As a hard core, dyed-in-the-wool Midwesterner, I have all my life believed that there is simply no greater place on earth to take a vacation and spend leisure time than in the state of California.


On one great vacation taken back in the 1980s, we visited the Empire Mine State Park near Grass Valley. Unfortunately, I was bitterly disappointed that there was no underground tour at that time. I actually felt kind of cheated and ripped off. This would be like getting to visit the Empire State Building in New York City and paying an admission to visit the lobby, only to find that there is no elevator ride to the top. This is completely unacceptable.

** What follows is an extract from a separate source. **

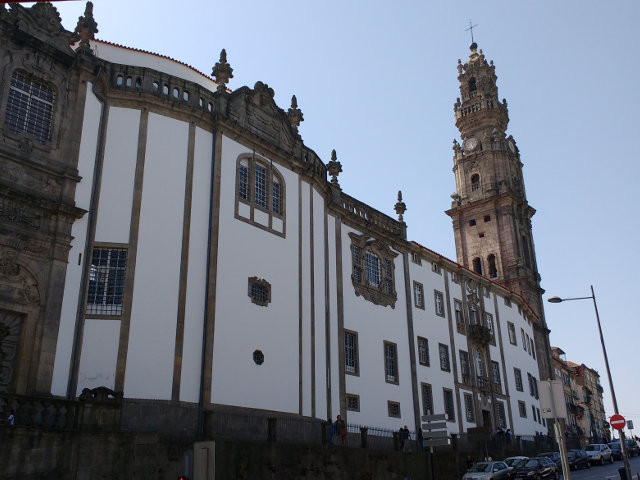 Que visitar en Oporto - oporto-torre-de-los-clerigos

A few years ago I was positively elated to learn that they were working on developing an underground tour. I was thinking about planning a vacation to California to see this. Now I am crestfallen to learn that this will not happen after all and after the state spent $3.5 million on the project — something about “corrosion” on the beams. This, too, is completely unacceptable. This issue needs to be addressed and resolved. It is completely unfair to the people of the Golden State.


It’s also unfair to millions of people like me who plan to come to California to spend their money on vacations. Without wonderful attractions like Empire Mine, we might just decide to go elsewhere. If we do come at all, there surely would be no compelling reason to visit the Nevada City/Grass Valley area.


I would like to strongly urge you to take whatever steps are necessary to get this project going again and get it finished.


Fred M. Cain,

Topeka, Indiana




We need to speak up now on Empire Mine State Park


In reference to ‘Anyone want to buy a state park?’ (The Union, March 29), thank you for the well-written editorial and amusingly appropriate cartoon expression your view of this subject.


The Empire Mine State Historic Park is much more than a tourist attraction. It is a monument to a spectacular era that created the state of California and made it known throughout the world. It belongs in the state parks system and should stay there.

To now have a Senate subcommittee suggest that it be put up for sale is sickening. We should be treasuring this historical asset and properly funding it for the benefit of future generations.


We need to speak up now and let our Legislative representatives know we appreciate and expect their support in preserving this precious historical monument that we in these Gold Rush communities are privileged to enjoy.


Sens. Jim Nielsen and Ted Gaines,and Assemblyman Brian Dahle,need to hear from all of us, either by email, a direct phone call or by writing them at: State Capitol, Sacramento, CA 95814.


"The Empire Mine State Historic Park is much more than a tourist attraction. It is a monument to a spectacular era that created the state of California and made it known throughout the world."


Virginia Brunini

Grass Valley




Lamphier opposed to "privatizing" Emprie Mine State Park


I’m disappointed that our state park system is entertaining the idea of selling our treasured Empire Mine State Park, apparently because of ongoing toxic remediation costs.


I am strongly opposed to privatizing this historical gem and urge the state to hold the original mine owners 100 percent responsible for the environmental damage to our community. They profited from it, and they should pay for it.


We, the taxpayers, own this park and Grass Valley owes its very existence to the Empire Mine — it is our park. It is a core part of our community, state and national history and is extremely important to local and regional tourism.


I resolve to make it a top priority to opposing privatization of the Empire Mine State Park.